Fractures_EPIl arrive, quand on écoute un nouveau groupe, de tomber sur un os. Avec le trio aquitain FRACTURES, c’est carrément six os qui nous sont donnés à ronger ! Enfin, cinq os précédés comme il se doit par une.. Intr-os ! Ilium, Scaphoïde, Fibula, Radius et Occipital procurent une unité thématique à cet EP dont la pochette enfonce le clou (dans l’os ? Vous pouvez faire une croix dessus !). Là encore, on aura beau jeu de pointer une concept… squelettique ! Mais après tout, quand on est un jeune groupe, il faut bien commencer par façonner une charpente un tant soi peu solide, donc un squelette. En 15 minutes donc, FRACTURES pose ses fondations.
Avec ses six os livrés en pâture à nos oreilles, FRACTURES propose une musique non seulement solidement charpentée, mais déjà bien charnue. Intr-os plante un décor atmosphérique qui pourrait passer pour de l’ambient méditative, si quelques inquiétantes frappes de percussion ne venaient nous avertir d’un possible risque de… fracture ! Et avec Ilium, la cavalcade commence et se poursuit sans rupture ni claquage jusqu’à Occipital, explorant un math-rock sinueux teinté de progressif « crimsonien » (le groupe n’a pas choisi son patronyme par hasard…), s’approchant même d’un métal-prog sans jamais y sombrer. Les claviers, aux sons volontiers classisants, de Jean LAHARGUES, tissent des trames obsédantes et entêtantes sur lesquelles la guitare de Cyril CONCA place des riffs aiguisés, sertis mais aussi parfois aigris, évoquant par endroit un son de basse saturée, tandis que la batterie de Damien PICHERIE, retenue et précise, cimente cet édifice à la fois minimal et chargé en articulations, déviations et frissons.

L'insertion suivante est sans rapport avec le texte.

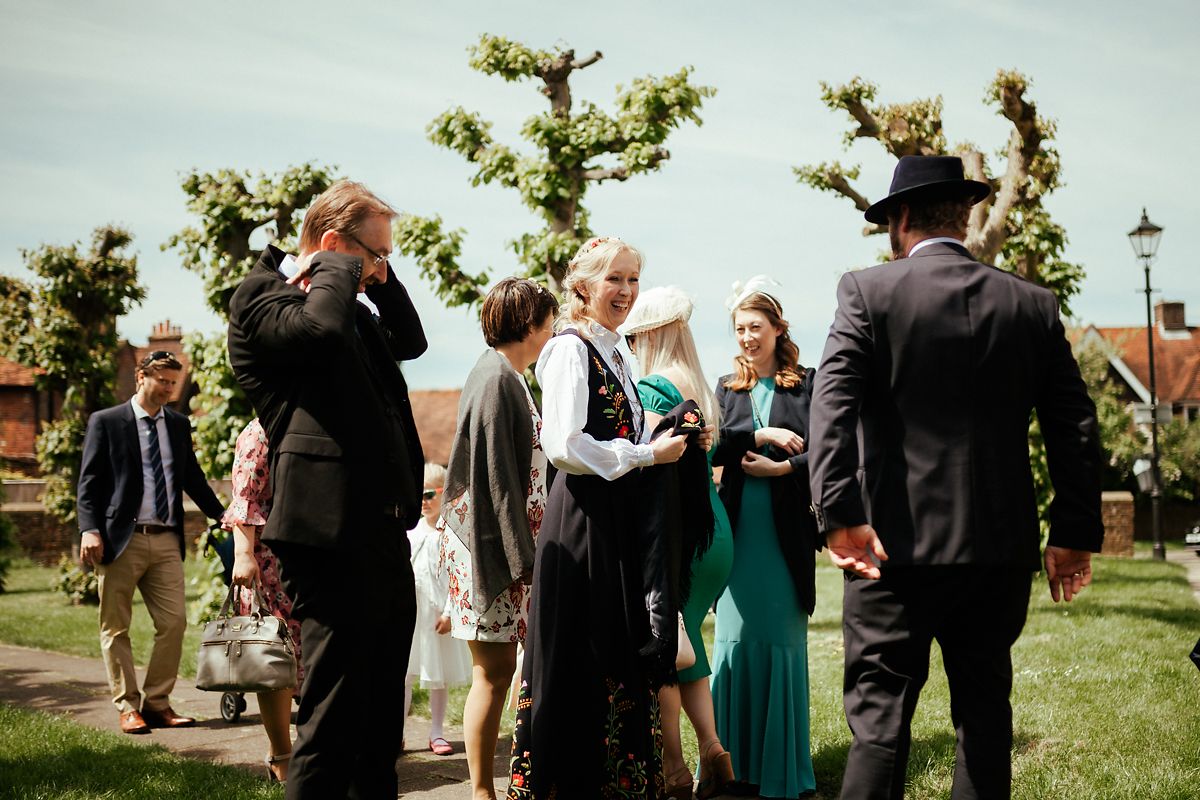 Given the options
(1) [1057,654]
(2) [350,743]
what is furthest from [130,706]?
(1) [1057,654]

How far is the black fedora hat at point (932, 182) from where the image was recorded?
3299 mm

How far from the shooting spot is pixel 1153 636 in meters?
A: 9.23

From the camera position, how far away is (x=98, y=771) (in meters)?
Result: 5.18

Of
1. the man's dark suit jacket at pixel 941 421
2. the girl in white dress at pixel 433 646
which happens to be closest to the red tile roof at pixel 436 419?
the girl in white dress at pixel 433 646

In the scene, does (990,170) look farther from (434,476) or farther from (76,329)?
(76,329)

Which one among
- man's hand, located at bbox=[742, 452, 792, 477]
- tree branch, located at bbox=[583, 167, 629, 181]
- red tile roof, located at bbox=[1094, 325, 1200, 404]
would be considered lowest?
man's hand, located at bbox=[742, 452, 792, 477]

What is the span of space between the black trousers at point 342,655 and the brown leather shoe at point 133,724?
3933mm

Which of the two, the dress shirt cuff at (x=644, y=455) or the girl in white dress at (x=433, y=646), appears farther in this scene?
the girl in white dress at (x=433, y=646)

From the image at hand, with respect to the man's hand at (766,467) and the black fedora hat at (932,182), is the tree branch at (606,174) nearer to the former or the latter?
the man's hand at (766,467)

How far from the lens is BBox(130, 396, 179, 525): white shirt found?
7.15m

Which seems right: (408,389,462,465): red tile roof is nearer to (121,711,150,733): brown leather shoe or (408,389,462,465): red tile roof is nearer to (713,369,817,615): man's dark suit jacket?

De durée relativement courte (entre 1 et 4 minutes à peine), les six morceaux sont enchaînés, formant une fresque « squelettale » qui, au fond, ne laisse pas seulement voir les os, mais aussi la peau, déjà pourvue d’une épaisseur prometteuse, de cette musique strictement instrumentale aux visées anthropologiques.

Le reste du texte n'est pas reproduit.